# INPUT DATA
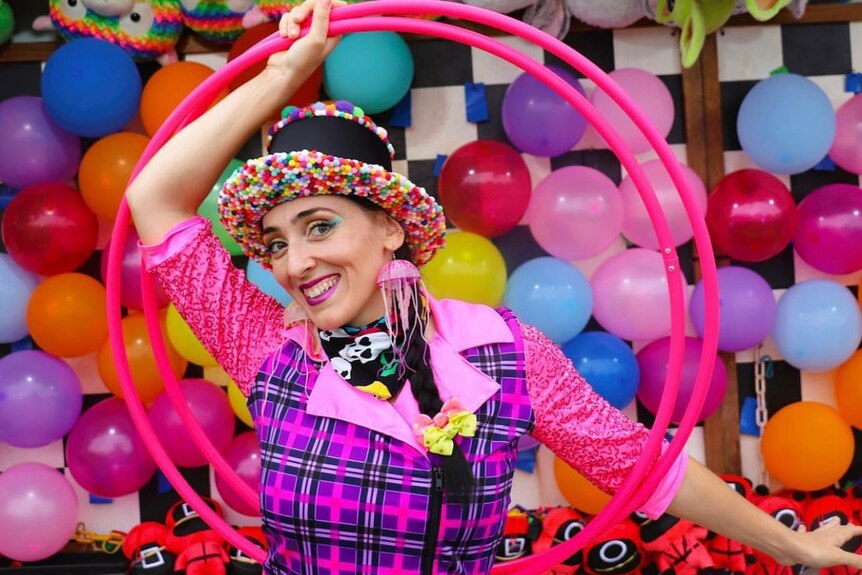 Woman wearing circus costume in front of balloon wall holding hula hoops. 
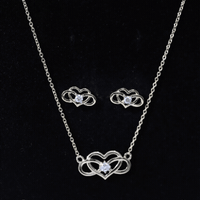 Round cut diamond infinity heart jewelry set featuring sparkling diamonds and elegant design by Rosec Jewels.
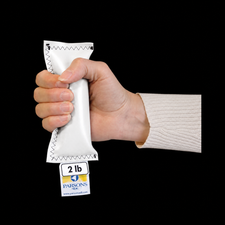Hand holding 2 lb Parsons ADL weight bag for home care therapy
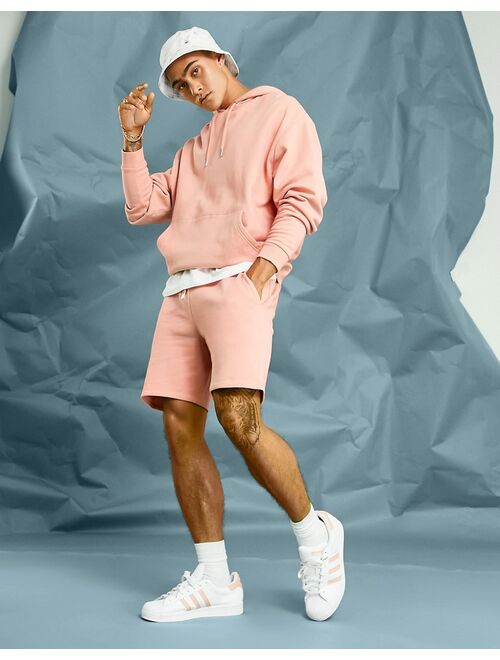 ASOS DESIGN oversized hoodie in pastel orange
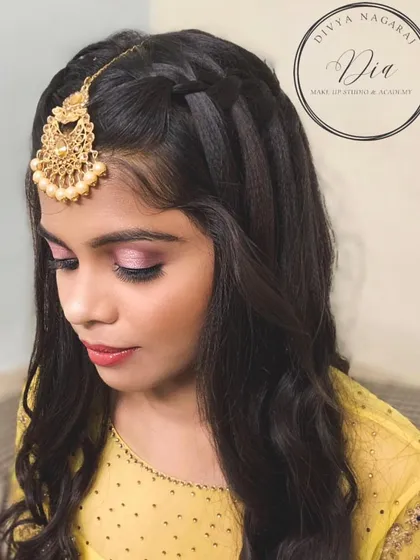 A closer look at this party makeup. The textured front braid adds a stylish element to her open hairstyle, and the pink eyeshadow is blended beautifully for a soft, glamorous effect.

---

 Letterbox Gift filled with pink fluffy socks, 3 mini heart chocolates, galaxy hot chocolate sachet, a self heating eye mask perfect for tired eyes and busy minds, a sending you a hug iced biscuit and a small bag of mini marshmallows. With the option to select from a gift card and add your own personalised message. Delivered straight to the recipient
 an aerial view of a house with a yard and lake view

==

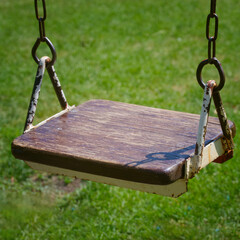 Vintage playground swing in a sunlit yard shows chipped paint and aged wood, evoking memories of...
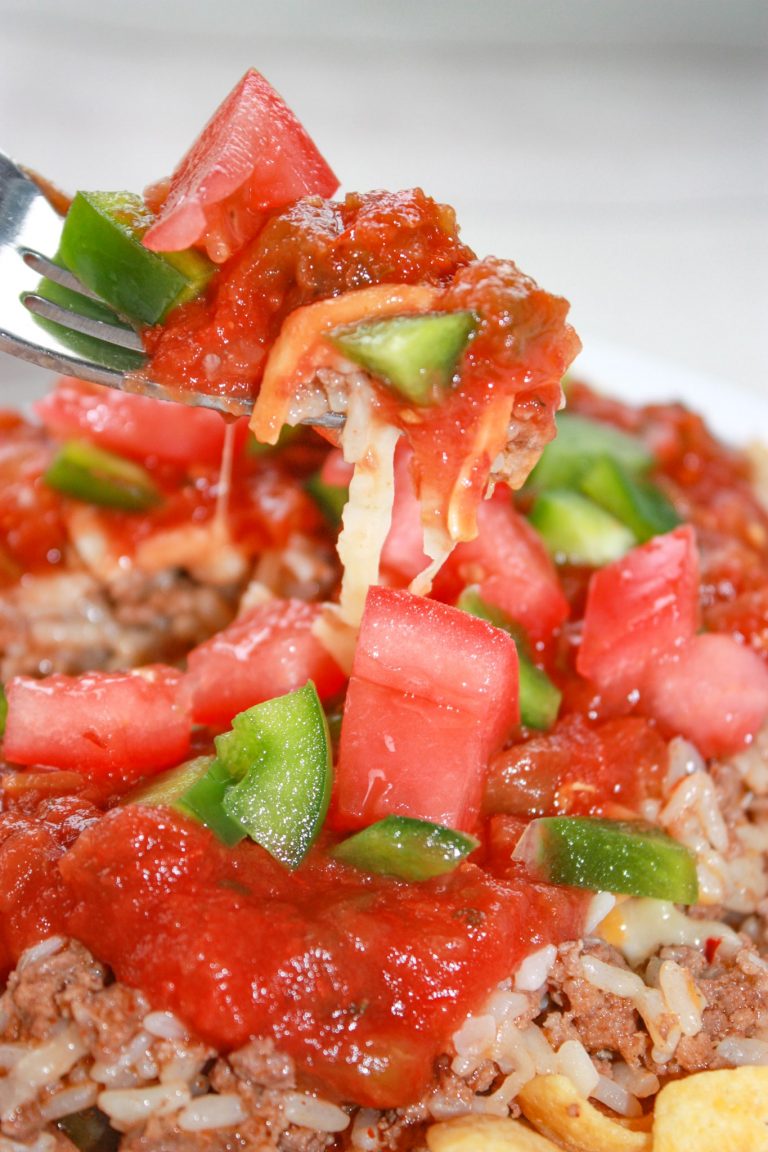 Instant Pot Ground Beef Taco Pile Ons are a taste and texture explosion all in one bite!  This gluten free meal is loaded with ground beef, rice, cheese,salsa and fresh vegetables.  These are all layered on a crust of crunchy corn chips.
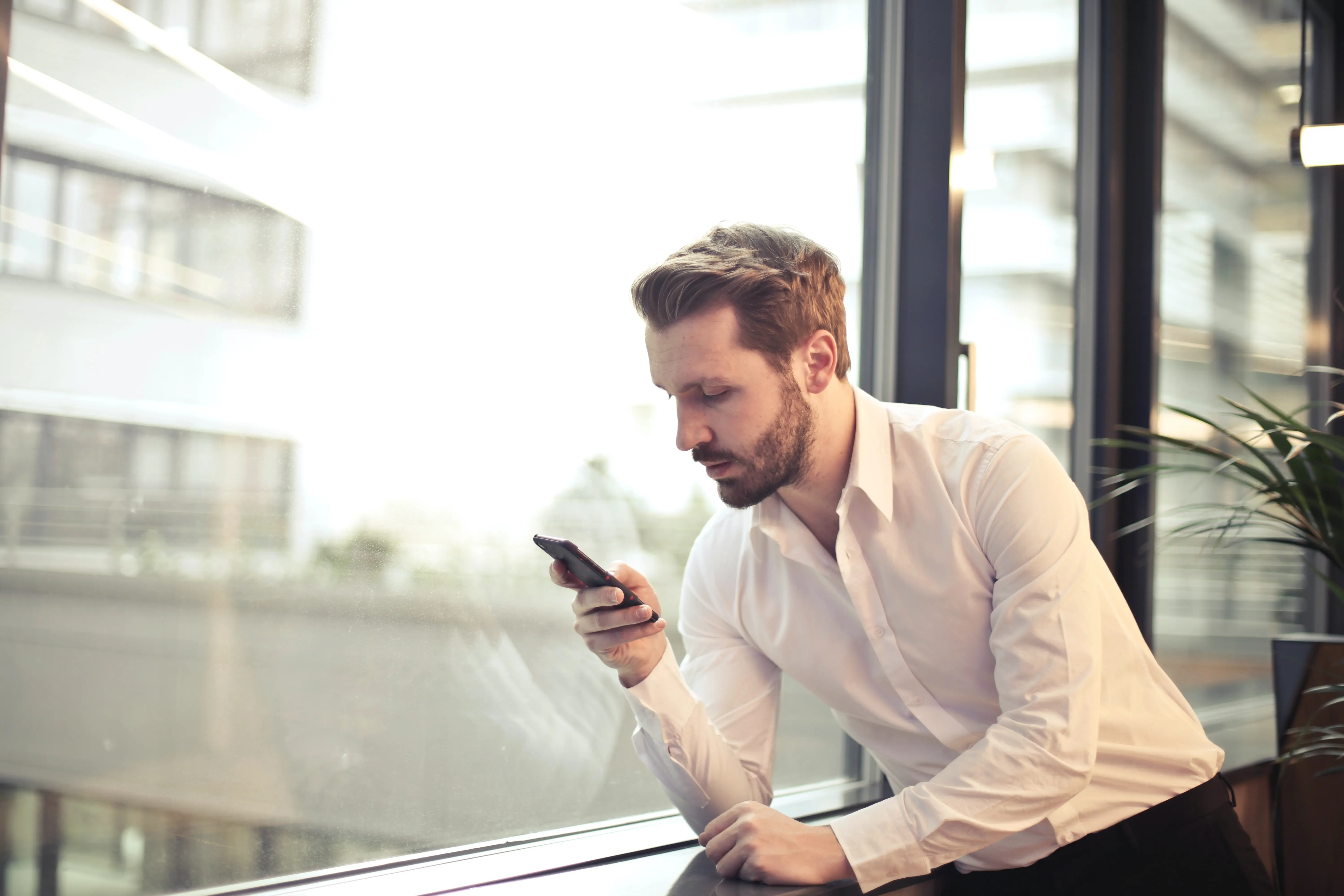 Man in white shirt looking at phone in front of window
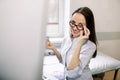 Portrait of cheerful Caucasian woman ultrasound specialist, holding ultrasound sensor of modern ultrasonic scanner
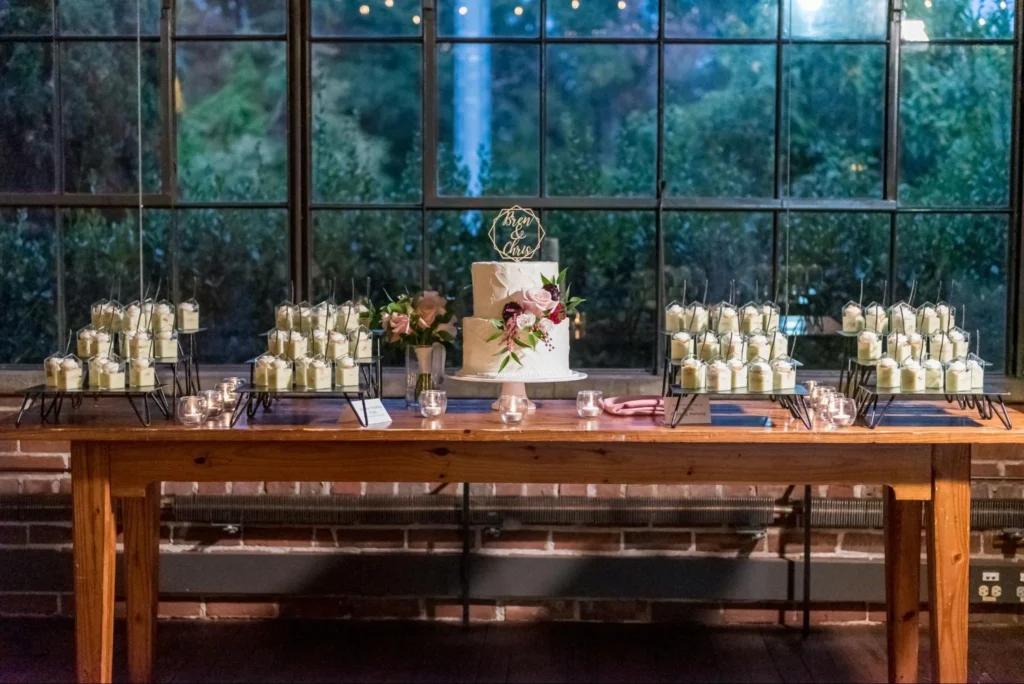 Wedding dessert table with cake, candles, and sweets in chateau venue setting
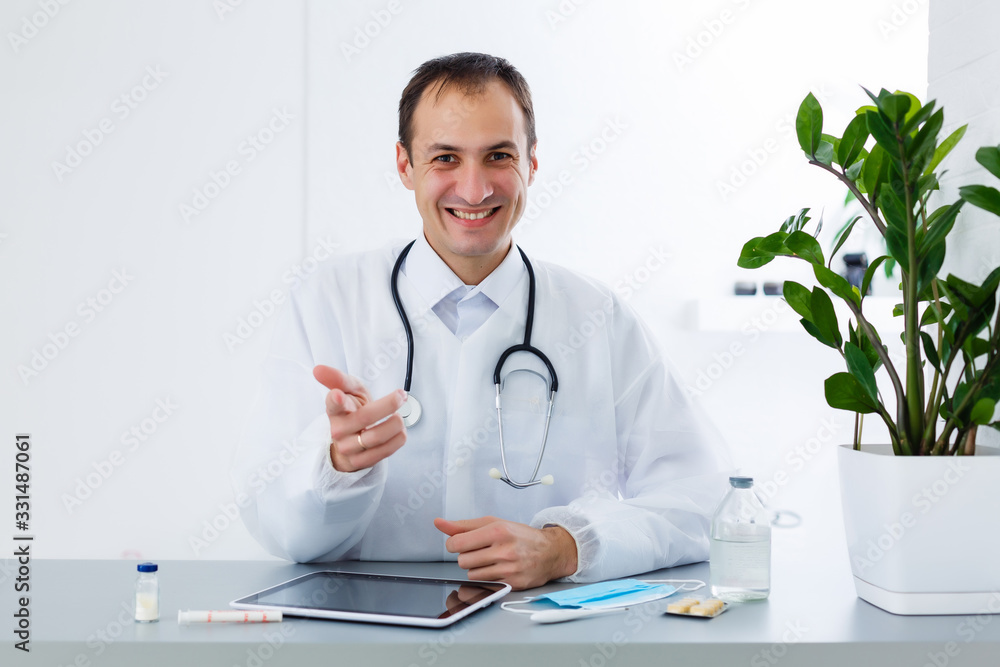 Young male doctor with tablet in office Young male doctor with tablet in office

# EXERCISE OBJECTIVE
Using the records above, return word for word the lines that begin at the one containing "Woman wearing circus" and end at the one containing "A closer look", both of them included and no pictures.

# YOUR SOLUTION
 Woman wearing circus costume in front of balloon wall holding hula hoops. 
 Round cut diamond infinity heart jewelry set featuring sparkling diamonds and elegant design by Rosec Jewels.
Hand holding 2 lb Parsons ADL weight bag for home care therapy
 ASOS DESIGN oversized hoodie in pastel orange
 A closer look at this party makeup. The textured front braid adds a stylish element to her open hairstyle, and the pink eyeshadow is blended beautifully for a soft, glamorous effect.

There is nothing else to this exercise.